Narasumber lainnya, Sanders Budiman, seorang freelancer architect, menyorot bagaimana konsep teknologi sangat berkaitan dengan penggunanya. Apakah konsep smart building dan smart home sesuai untuk semua jenis generasi? Semua tergantung pada preferensi pengguna terhadap teknologi.
Secara human sense, bagaimana attraction, behaviour, dan spontaneous dari penggunanya? Sejauh mana mereka bisa bersahabat dengan teknologi atau fasilitas tersebut? Arsitek atau desainer interior pun perlu mempertimbangkan kebutuhan akan social space, personal, dan intimate space.
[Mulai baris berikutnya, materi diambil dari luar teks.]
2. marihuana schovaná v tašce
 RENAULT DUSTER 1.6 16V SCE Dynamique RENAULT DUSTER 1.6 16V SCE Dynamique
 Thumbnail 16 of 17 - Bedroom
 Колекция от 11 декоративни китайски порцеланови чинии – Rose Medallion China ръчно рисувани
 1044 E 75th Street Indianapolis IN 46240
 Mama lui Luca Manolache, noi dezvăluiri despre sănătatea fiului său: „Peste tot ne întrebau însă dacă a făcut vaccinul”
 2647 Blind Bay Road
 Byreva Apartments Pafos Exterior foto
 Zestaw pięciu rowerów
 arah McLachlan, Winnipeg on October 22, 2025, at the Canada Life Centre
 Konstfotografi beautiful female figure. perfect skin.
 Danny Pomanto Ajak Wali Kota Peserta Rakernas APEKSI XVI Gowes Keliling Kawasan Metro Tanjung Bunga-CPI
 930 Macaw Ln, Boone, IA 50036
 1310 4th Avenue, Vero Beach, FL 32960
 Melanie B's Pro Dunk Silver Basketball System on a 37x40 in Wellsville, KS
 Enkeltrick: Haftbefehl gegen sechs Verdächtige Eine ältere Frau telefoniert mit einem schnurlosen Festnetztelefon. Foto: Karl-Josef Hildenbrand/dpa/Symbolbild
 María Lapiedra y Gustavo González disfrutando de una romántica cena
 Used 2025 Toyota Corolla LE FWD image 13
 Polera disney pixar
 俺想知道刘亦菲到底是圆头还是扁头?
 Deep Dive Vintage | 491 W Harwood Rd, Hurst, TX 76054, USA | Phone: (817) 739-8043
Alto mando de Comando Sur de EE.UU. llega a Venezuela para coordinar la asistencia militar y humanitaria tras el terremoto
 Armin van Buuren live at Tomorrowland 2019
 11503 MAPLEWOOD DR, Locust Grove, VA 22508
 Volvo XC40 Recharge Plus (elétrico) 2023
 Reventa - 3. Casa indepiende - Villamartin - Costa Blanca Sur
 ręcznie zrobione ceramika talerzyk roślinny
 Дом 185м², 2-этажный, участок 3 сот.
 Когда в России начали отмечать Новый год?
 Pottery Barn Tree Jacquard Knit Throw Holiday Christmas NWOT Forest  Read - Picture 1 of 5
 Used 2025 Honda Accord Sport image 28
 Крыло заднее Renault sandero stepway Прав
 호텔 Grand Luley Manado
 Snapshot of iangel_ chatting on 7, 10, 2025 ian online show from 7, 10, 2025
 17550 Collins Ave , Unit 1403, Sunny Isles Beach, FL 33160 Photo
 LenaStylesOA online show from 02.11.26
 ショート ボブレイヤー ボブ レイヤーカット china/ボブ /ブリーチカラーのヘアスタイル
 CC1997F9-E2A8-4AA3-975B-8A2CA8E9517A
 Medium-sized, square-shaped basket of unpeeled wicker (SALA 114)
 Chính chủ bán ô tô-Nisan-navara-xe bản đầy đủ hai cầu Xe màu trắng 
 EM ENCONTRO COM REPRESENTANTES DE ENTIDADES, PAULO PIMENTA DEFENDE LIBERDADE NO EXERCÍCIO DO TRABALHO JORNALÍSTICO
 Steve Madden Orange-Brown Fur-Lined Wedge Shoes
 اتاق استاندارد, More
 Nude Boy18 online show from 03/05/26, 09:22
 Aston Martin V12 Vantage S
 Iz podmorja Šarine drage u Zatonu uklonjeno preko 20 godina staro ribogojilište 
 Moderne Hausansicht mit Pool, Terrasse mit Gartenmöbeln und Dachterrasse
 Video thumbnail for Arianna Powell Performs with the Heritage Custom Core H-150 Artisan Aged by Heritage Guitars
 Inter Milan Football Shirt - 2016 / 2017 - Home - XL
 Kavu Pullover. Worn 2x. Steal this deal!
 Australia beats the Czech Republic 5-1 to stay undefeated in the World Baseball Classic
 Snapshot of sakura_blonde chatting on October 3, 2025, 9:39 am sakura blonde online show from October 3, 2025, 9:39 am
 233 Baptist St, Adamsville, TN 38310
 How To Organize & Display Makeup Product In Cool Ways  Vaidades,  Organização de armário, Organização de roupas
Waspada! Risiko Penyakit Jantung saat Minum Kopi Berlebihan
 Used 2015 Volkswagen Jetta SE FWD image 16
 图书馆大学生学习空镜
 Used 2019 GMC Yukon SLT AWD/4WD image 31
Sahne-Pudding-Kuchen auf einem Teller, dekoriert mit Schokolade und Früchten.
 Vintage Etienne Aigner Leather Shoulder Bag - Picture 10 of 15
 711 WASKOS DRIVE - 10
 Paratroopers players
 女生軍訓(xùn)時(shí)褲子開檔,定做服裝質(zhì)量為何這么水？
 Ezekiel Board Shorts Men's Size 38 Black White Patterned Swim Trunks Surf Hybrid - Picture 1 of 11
Julia Sieh menggambarkan tren bangunan 2021 ke depan sebagai desain minimalis dan multifungsional, di mana sebuah ruang dapat dimanfaatkan untuk berbagai fungsi. Sementara, Sanders Budiman melihat bahwa aspek kesehatan dan keamanan masih akan menjadi prioritas hingga beberapa tahun ke depan.
Ketiganya pun memberikan deskripsi tentang rancang bangun instansi kesehatan yang ideal versi mereka. Julia melihat bahwa rumah sakit yang baru dibangun masih berpatok pada konsep lama yang flownya masih berantakan. Orang harus memasuki gedung atau lobi, baru dibagi sesuai kebutuhan. Padahal menurutnya, orang sehat yang hanya berniat check-up perlu dipisahkan dari pasien yang memang telah menjalani rawat inap untuk menghindari kontaminasi.
Menurut Yanuar, standar bangunan yang sering dilalaikan dan diremehkan selama ini seperti pencahayaan dan sirkulasi udara justru perlu menjadi pertimbangan utama sekarang. Yanuar juga menambahkan pentingnya mengubah “image” rumah sakit sebagai tempat yang menyeramkan, dengan menambahkan vibes pusat perbelanjaan atau galeri seperti yang telah umum dilakukan di Jakarta.
Sanders memiliki perspektif yang menyorot hal-hal dasar yakni pemahaman arsitektur terhadap bagian-bagian spesialis dan fasilitas rumah sakit. Selama ini, beberapa penyakit yang mungkin sebetulnya harus dipisahkan masih dijadikan satu, COVID-19 lah yang menyadarkan. Untuk itu, sebelum mengatur rancang ruang, perlu dipahami setiap jenis penyakit dan fasilitas penanganannya.
Tantangan dalam membangun smart building dan smart home adalah menyelaraskan desain lawas atau desain bangunan yang sudah dibuat dengan teknologi terkini. Yanuar dan Sanders sama-sama meyakini bahwa pembangunan smart building dan smart home sebetulnya lebih mudah dilakukan jika bangunan dirancang dari 0, bukan membedah yang sudah ada.